Could you print the full listing below, keeping each line identical?

Data records:
┄┄┄┄┄┄
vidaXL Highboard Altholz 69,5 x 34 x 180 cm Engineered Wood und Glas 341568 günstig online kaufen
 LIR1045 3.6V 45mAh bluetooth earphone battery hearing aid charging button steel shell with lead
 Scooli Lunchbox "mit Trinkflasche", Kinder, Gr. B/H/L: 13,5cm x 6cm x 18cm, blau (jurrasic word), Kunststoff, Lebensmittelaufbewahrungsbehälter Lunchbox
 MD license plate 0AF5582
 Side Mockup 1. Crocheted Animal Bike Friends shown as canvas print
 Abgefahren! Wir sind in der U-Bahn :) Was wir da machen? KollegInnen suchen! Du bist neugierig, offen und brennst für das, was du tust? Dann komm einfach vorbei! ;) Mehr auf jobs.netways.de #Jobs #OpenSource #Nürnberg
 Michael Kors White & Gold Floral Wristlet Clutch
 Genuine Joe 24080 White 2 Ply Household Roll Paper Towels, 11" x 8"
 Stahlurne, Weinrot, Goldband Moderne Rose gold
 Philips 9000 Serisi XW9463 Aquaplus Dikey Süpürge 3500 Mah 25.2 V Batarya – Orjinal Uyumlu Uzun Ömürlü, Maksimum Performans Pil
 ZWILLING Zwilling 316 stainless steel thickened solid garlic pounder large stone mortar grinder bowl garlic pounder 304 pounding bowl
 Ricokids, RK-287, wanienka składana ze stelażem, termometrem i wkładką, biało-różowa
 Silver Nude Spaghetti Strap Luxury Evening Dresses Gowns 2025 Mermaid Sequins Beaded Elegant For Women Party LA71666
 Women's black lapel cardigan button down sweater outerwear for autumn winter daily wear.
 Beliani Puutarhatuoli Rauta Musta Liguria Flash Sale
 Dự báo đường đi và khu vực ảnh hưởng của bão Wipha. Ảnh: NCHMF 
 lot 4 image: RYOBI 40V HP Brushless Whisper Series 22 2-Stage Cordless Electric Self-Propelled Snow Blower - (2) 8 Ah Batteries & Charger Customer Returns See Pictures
┄┄┄┄┄┄
Written solution:
vidaXL Highboard Altholz 69,5 x 34 x 180 cm Engineered Wood und Glas 341568 günstig online kaufen
 LIR1045 3.6V 45mAh bluetooth earphone battery hearing aid charging button steel shell with lead
 Scooli Lunchbox "mit Trinkflasche", Kinder, Gr. B/H/L: 13,5cm x 6cm x 18cm, blau (jurrasic word), Kunststoff, Lebensmittelaufbewahrungsbehälter Lunchbox
 MD license plate 0AF5582
 Side Mockup 1. Crocheted Animal Bike Friends shown as canvas print
 Abgefahren! Wir sind in der U-Bahn :) Was wir da machen? KollegInnen suchen! Du bist neugierig, offen und brennst für das, was du tust? Dann komm einfach vorbei! ;) Mehr auf jobs.netways.de #Jobs #OpenSource #Nürnberg
 Michael Kors White & Gold Floral Wristlet Clutch
 Genuine Joe 24080 White 2 Ply Household Roll Paper Towels, 11" x 8"
 Stahlurne, Weinrot, Goldband Moderne Rose gold
 Philips 9000 Serisi XW9463 Aquaplus Dikey Süpürge 3500 Mah 25.2 V Batarya – Orjinal Uyumlu Uzun Ömürlü, Maksimum Performans Pil
 ZWILLING Zwilling 316 stainless steel thickened solid garlic pounder large stone mortar grinder bowl garlic pounder 304 pounding bowl
 Ricokids, RK-287, wanienka składana ze stelażem, termometrem i wkładką, biało-różowa
 Silver Nude Spaghetti Strap Luxury Evening Dresses Gowns 2025 Mermaid Sequins Beaded Elegant For Women Party LA71666
 Women's black lapel cardigan button down sweater outerwear for autumn winter daily wear.
 Beliani Puutarhatuoli Rauta Musta Liguria Flash Sale
 Dự báo đường đi và khu vực ảnh hưởng của bão Wipha. Ảnh: NCHMF 
 lot 4 image: RYOBI 40V HP Brushless Whisper Series 22 2-Stage Cordless Electric Self-Propelled Snow Blower - (2) 8 Ah Batteries & Charger Customer Returns See Pictures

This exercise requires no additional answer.